And the thing that makes all of this quite tricky, as comes out in many posts here, are that friends move in and out of different groups. You have to recognise that and adjust the way you speak. The group of women hoping to all get pregnant finds some do become pregnant and the way they speak together just needs to change a bit. The group of people who are all pregnant together finds someone loses her pregnancy and is no longer one of the ‘club’ and the conversations when she is there need to change a bit too. People move in and out of the intense feelings associated with being pregnant and wanting to be pregnant.

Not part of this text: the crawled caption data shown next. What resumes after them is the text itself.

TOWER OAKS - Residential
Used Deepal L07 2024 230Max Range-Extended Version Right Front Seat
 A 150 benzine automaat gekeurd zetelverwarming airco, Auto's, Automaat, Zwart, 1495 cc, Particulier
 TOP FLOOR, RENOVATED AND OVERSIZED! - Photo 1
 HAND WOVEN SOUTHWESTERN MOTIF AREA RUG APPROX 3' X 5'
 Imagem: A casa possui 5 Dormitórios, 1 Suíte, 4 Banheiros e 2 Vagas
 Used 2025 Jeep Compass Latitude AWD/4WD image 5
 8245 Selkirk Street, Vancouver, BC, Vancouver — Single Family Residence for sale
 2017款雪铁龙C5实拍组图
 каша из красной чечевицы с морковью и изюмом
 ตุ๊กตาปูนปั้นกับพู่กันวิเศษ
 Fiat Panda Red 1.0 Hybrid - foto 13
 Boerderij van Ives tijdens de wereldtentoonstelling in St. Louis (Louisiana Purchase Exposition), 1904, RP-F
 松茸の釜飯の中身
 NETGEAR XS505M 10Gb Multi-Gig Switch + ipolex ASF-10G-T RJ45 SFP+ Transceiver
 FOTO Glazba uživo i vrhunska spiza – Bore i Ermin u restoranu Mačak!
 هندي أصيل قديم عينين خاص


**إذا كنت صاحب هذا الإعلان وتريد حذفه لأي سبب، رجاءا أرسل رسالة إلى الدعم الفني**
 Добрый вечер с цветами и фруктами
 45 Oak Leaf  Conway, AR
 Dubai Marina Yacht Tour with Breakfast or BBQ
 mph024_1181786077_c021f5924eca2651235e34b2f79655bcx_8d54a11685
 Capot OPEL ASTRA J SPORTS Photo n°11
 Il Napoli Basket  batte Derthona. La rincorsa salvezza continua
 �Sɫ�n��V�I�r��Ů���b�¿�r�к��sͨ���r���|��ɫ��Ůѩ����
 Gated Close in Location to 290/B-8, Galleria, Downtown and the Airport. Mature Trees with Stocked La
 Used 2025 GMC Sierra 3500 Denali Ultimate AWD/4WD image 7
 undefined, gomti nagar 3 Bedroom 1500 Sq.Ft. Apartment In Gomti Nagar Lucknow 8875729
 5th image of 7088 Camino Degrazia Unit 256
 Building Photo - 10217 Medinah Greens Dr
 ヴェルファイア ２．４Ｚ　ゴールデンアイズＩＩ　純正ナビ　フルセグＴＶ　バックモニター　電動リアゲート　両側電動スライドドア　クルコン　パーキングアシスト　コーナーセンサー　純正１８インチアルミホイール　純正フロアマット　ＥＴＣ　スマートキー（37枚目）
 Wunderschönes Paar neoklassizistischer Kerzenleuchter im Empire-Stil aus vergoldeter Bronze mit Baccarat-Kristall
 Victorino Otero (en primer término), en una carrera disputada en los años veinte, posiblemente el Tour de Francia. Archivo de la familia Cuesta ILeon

Sometimes, people have lots of associations of convenience rather than real friendships. Pregnant women find each other and those undergoing fertility treatment find each other too and find things in common. But sometimes Omce those things in common stop, there isn’t much left to the friendship. That can be fine. But equally, being able to have good friends at different stages can also be fine too.....you just have to be a bit flexible too and adjust the amount of time you spend with them and the topics of conversation. Lots of people find this difficult. They only seem to be able to talk about themselves and their own phase of life....it can be getting married, or being pregnant, or having a toddler, or retiring...all potentially tedious for someone not at that stage of life, or extremely insensitive at worse.
All we can each do is to try to be good friends to those around us and to empathise. We won’t always get it right, but thinking about how others might be feeling and having more thought about that rather than ourselves must be a good starting point.